*Task to carry out*
Give again, exactly as written, each line of the material below starting at the line that contains "AiQInu Organizer Cassetti" and ending at the line that contains "SecretOfTheOctopus-Schriftart – Violette". Both ends count, and no other line does.

»»

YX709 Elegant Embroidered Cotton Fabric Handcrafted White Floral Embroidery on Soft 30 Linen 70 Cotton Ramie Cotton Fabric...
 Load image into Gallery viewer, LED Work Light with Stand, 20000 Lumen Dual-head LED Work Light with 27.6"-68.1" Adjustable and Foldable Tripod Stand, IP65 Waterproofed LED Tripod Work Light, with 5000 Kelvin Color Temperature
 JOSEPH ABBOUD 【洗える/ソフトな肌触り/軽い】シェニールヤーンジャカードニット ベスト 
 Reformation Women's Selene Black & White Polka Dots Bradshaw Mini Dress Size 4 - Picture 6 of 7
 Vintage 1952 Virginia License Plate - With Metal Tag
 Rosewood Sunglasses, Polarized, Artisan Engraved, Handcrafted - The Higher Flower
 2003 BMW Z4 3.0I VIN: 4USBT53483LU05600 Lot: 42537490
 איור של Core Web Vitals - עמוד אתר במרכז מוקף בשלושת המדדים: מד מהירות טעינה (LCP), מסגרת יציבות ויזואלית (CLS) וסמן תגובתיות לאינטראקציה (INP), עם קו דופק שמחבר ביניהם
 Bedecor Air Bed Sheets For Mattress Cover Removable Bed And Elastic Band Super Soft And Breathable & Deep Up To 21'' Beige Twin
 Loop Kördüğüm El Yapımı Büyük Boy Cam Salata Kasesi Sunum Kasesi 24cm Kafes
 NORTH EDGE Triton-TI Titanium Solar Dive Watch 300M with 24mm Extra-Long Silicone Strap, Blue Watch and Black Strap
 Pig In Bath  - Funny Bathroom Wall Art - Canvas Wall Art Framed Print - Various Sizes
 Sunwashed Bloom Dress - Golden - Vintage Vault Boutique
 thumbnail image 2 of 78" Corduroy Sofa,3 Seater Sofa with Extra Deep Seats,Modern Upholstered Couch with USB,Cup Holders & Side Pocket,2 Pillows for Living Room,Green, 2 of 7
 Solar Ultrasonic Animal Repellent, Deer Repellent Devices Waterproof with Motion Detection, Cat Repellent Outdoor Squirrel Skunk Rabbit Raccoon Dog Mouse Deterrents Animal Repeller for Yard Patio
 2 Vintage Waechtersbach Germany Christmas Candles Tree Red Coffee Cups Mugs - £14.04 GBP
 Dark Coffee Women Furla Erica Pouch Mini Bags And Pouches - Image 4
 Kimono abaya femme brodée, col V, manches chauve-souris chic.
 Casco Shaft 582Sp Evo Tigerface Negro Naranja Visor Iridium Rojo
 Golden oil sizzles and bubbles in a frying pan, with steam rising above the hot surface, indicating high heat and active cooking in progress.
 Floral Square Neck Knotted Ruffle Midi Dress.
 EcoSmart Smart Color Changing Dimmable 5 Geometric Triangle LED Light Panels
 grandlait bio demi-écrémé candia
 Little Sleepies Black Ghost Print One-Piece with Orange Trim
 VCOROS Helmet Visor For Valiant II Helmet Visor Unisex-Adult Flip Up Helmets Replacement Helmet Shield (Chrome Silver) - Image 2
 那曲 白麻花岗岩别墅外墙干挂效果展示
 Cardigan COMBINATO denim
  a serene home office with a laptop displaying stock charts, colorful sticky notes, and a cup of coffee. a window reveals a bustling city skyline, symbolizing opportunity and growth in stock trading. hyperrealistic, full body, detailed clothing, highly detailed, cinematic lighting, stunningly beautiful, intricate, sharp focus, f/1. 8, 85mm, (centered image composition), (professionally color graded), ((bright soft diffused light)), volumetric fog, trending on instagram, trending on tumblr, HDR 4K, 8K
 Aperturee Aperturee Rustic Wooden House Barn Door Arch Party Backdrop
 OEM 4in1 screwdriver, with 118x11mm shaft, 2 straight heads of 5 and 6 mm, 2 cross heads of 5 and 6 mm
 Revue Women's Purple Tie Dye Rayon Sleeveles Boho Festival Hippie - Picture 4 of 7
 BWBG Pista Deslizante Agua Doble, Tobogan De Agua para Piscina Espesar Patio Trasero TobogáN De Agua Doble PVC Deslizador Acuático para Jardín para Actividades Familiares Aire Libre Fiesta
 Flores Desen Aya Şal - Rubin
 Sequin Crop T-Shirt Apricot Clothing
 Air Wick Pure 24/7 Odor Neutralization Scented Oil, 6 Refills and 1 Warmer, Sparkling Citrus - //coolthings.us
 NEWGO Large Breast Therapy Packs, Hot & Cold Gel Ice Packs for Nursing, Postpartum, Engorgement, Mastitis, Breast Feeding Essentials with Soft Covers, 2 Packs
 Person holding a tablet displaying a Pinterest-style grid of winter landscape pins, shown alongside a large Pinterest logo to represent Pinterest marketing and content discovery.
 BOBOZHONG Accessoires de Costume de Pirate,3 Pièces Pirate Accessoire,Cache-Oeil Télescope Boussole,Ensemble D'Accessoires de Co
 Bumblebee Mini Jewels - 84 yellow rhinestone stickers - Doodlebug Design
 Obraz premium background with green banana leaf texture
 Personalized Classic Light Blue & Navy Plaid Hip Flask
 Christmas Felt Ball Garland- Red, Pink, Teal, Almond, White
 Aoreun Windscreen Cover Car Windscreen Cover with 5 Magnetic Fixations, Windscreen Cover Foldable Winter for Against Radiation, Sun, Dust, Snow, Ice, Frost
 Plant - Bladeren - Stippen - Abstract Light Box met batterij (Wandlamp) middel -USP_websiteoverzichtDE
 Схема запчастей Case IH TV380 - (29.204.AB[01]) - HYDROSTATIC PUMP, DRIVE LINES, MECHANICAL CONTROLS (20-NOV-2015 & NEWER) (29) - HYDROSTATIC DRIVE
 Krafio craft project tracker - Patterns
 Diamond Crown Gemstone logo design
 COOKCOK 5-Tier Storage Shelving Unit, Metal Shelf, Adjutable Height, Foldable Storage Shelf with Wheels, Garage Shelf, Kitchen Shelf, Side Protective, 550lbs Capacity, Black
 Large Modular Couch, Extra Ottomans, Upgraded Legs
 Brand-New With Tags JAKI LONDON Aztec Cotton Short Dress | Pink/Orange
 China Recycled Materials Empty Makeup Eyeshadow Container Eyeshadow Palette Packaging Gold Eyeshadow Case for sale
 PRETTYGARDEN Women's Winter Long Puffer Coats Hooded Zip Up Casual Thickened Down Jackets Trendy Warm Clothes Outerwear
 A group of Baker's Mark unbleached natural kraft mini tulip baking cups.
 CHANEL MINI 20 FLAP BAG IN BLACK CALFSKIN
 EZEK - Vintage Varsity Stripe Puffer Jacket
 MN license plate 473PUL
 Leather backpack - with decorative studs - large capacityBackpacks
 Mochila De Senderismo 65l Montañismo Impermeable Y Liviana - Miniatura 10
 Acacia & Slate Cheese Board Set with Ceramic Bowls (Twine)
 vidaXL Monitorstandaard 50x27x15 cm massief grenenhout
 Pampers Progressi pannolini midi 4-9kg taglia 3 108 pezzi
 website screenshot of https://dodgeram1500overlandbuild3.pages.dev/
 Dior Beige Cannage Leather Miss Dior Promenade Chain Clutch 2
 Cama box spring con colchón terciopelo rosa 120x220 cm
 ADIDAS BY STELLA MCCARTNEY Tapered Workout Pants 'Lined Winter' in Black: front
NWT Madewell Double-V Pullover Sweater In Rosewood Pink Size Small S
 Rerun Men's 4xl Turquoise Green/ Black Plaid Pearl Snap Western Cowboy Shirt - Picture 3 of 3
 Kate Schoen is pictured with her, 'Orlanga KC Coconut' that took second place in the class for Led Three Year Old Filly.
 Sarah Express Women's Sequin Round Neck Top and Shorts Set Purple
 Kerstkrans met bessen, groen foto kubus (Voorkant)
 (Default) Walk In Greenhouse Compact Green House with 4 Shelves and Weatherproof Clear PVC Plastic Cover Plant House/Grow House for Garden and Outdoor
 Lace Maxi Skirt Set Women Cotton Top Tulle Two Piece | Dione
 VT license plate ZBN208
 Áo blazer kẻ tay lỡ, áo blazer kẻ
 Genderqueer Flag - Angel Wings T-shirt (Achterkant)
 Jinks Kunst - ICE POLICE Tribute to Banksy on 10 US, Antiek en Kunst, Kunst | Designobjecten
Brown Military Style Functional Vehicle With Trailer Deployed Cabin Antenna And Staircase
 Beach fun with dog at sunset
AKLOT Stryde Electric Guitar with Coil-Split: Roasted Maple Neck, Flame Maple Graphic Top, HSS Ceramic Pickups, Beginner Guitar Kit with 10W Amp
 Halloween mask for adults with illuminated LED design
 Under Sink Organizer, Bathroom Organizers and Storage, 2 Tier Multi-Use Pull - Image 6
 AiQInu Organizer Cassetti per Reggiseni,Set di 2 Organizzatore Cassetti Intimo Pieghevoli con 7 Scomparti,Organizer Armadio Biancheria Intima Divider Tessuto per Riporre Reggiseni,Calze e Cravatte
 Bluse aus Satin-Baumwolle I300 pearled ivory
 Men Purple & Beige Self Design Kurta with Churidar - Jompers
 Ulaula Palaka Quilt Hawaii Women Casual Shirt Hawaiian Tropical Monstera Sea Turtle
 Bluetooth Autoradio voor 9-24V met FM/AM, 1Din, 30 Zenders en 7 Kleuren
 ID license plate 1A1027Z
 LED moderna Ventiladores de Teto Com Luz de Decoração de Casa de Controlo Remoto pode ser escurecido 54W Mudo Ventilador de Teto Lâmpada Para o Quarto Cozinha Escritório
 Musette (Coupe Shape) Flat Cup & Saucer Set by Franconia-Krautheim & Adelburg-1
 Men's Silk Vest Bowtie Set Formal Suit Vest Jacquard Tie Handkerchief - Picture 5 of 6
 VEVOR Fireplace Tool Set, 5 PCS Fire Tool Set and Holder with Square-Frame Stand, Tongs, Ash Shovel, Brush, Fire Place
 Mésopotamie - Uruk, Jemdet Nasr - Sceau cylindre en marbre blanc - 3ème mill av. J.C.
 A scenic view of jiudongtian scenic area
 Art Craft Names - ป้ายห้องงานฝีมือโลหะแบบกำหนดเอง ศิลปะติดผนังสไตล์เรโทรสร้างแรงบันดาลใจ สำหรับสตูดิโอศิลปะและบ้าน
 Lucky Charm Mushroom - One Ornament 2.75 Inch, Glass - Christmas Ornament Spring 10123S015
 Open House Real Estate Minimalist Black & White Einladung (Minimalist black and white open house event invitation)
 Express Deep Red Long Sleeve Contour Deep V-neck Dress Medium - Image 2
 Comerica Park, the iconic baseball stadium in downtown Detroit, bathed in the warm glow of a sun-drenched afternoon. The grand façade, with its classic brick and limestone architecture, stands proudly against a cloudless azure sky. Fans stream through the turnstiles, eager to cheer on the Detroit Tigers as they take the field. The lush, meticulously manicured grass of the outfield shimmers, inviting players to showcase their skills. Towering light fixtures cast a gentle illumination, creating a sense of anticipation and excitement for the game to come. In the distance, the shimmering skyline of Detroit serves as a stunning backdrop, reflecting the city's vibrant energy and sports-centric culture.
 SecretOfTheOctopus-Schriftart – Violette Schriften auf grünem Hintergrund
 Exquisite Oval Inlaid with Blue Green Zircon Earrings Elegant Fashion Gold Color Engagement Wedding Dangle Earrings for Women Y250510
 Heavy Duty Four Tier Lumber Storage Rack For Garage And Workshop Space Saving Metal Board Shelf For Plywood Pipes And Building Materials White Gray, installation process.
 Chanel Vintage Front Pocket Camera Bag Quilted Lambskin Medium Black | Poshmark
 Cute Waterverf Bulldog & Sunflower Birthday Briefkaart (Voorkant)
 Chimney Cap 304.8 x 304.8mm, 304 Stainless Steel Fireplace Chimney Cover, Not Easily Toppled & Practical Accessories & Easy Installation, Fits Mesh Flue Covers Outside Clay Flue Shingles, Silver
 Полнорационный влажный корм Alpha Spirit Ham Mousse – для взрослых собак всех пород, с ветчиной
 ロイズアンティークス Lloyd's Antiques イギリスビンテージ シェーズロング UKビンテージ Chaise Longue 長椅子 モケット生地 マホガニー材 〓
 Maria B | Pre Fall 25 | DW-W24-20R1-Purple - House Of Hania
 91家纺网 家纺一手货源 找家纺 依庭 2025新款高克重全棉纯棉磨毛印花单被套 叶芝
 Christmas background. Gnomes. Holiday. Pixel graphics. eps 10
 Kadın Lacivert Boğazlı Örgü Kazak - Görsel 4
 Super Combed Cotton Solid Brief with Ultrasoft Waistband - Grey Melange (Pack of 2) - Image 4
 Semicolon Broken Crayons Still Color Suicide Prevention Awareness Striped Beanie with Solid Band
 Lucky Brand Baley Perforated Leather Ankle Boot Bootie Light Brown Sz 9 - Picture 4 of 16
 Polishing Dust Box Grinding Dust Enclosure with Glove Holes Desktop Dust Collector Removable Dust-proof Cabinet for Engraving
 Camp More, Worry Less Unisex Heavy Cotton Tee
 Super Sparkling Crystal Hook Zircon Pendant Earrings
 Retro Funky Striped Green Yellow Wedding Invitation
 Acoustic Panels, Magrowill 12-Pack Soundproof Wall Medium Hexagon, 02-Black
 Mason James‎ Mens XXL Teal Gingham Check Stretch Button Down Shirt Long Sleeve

««

*Exercise result*
 AiQInu Organizer Cassetti per Reggiseni,Set di 2 Organizzatore Cassetti Intimo Pieghevoli con 7 Scomparti,Organizer Armadio Biancheria Intima Divider Tessuto per Riporre Reggiseni,Calze e Cravatte
 Bluse aus Satin-Baumwolle I300 pearled ivory
 Men Purple & Beige Self Design Kurta with Churidar - Jompers
 Ulaula Palaka Quilt Hawaii Women Casual Shirt Hawaiian Tropical Monstera Sea Turtle
 Bluetooth Autoradio voor 9-24V met FM/AM, 1Din, 30 Zenders en 7 Kleuren
 ID license plate 1A1027Z
 LED moderna Ventiladores de Teto Com Luz de Decoração de Casa de Controlo Remoto pode ser escurecido 54W Mudo Ventilador de Teto Lâmpada Para o Quarto Cozinha Escritório
 Musette (Coupe Shape) Flat Cup & Saucer Set by Franconia-Krautheim & Adelburg-1
 Men's Silk Vest Bowtie Set Formal Suit Vest Jacquard Tie Handkerchief - Picture 5 of 6
 VEVOR Fireplace Tool Set, 5 PCS Fire Tool Set and Holder with Square-Frame Stand, Tongs, Ash Shovel, Brush, Fire Place
 Mésopotamie - Uruk, Jemdet Nasr - Sceau cylindre en marbre blanc - 3ème mill av. J.C.
 A scenic view of jiudongtian scenic area
 Art Craft Names - ป้ายห้องงานฝีมือโลหะแบบกำหนดเอง ศิลปะติดผนังสไตล์เรโทรสร้างแรงบันดาลใจ สำหรับสตูดิโอศิลปะและบ้าน
 Lucky Charm Mushroom - One Ornament 2.75 Inch, Glass - Christmas Ornament Spring 10123S015
 Open House Real Estate Minimalist Black & White Einladung (Minimalist black and white open house event invitation)
 Express Deep Red Long Sleeve Contour Deep V-neck Dress Medium - Image 2
 Comerica Park, the iconic baseball stadium in downtown Detroit, bathed in the warm glow of a sun-drenched afternoon. The grand façade, with its classic brick and limestone architecture, stands proudly against a cloudless azure sky. Fans stream through the turnstiles, eager to cheer on the Detroit Tigers as they take the field. The lush, meticulously manicured grass of the outfield shimmers, inviting players to showcase their skills. Towering light fixtures cast a gentle illumination, creating a sense of anticipation and excitement for the game to come. In the distance, the shimmering skyline of Detroit serves as a stunning backdrop, reflecting the city's vibrant energy and sports-centric culture.
 SecretOfTheOctopus-Schriftart – Violette Schriften auf grünem Hintergrund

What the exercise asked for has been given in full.